Premature Babies as Young as 22 Weeks Old are Surviving More Frequently

Opinion   |   David Prentice, Ph.D.   |   Nov 15, 2019   |   5:13PM   |   Washington, DC

Babies born extremely preterm, barely halfway through gestation, are living and thriving thanks not only to improvements in modern medical science but also to changing attitudes in the medical community.

The British Association of Perinatal Medicine has taken note of these improvements regarding extremely preterm babies and is now recommending that babies born as early as 22 weeks’ gestation [bapm.org] should be actively cared for with lifesaving treatments.

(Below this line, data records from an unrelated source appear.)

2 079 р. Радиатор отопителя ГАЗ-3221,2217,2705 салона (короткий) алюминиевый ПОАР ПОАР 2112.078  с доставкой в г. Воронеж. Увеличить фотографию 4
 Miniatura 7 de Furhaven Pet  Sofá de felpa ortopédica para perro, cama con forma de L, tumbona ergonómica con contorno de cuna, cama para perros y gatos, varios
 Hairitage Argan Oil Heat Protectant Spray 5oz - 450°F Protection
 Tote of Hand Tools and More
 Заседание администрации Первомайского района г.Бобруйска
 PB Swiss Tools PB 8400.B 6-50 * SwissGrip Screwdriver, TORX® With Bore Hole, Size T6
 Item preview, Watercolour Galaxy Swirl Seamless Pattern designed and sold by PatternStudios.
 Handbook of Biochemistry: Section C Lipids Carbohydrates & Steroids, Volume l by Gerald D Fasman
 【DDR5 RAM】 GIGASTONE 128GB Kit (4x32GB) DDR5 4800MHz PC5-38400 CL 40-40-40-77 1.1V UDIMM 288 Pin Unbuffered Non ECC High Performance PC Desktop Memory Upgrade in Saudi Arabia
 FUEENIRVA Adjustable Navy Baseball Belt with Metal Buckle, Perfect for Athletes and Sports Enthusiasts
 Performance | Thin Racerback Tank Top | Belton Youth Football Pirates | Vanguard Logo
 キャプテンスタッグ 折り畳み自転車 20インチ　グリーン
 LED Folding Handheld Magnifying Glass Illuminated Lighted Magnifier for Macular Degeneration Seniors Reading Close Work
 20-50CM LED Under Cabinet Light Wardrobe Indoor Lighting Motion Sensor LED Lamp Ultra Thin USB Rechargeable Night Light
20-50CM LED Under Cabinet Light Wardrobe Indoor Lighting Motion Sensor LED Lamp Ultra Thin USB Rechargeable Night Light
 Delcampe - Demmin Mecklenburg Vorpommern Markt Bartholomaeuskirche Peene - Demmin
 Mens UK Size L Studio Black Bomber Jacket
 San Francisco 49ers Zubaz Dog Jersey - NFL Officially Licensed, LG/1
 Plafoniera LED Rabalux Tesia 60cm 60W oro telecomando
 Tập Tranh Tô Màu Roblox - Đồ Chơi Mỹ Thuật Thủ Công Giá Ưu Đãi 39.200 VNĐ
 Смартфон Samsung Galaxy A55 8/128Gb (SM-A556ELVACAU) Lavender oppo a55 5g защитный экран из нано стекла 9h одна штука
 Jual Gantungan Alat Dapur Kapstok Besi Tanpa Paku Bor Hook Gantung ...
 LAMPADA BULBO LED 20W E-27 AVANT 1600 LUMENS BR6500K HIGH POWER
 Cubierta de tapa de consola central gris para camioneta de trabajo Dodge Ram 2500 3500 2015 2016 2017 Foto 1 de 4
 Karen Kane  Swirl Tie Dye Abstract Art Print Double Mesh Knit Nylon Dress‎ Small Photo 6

According to the British Medical Journal [bmj.com], the charge is for doctors to routinely consider lifesaving stabilization and resuscitation for “all babies born from 22 weeks’ gestation.” They go on to note that this new recommendation “reflects steady improvements made in neonatal and obstetric care over the past decade that have increased survival rates among the most premature babies.”

There has indeed been an avalanche of evidence showing earlier and earlier viability of premature babies. Previously, many doctors and hospitals considered the earliest limits of fetal viability as 28 weeks’ gestation.

But, in the last few years, numerous medical studies have pointed out that even babies born as early as 22 weeks’ gestational age (also called 20 weeks’ post-fertilization, just half-way through gestation) are now surviving, if given active care such as corticosteroids, resuscitation and intensive care.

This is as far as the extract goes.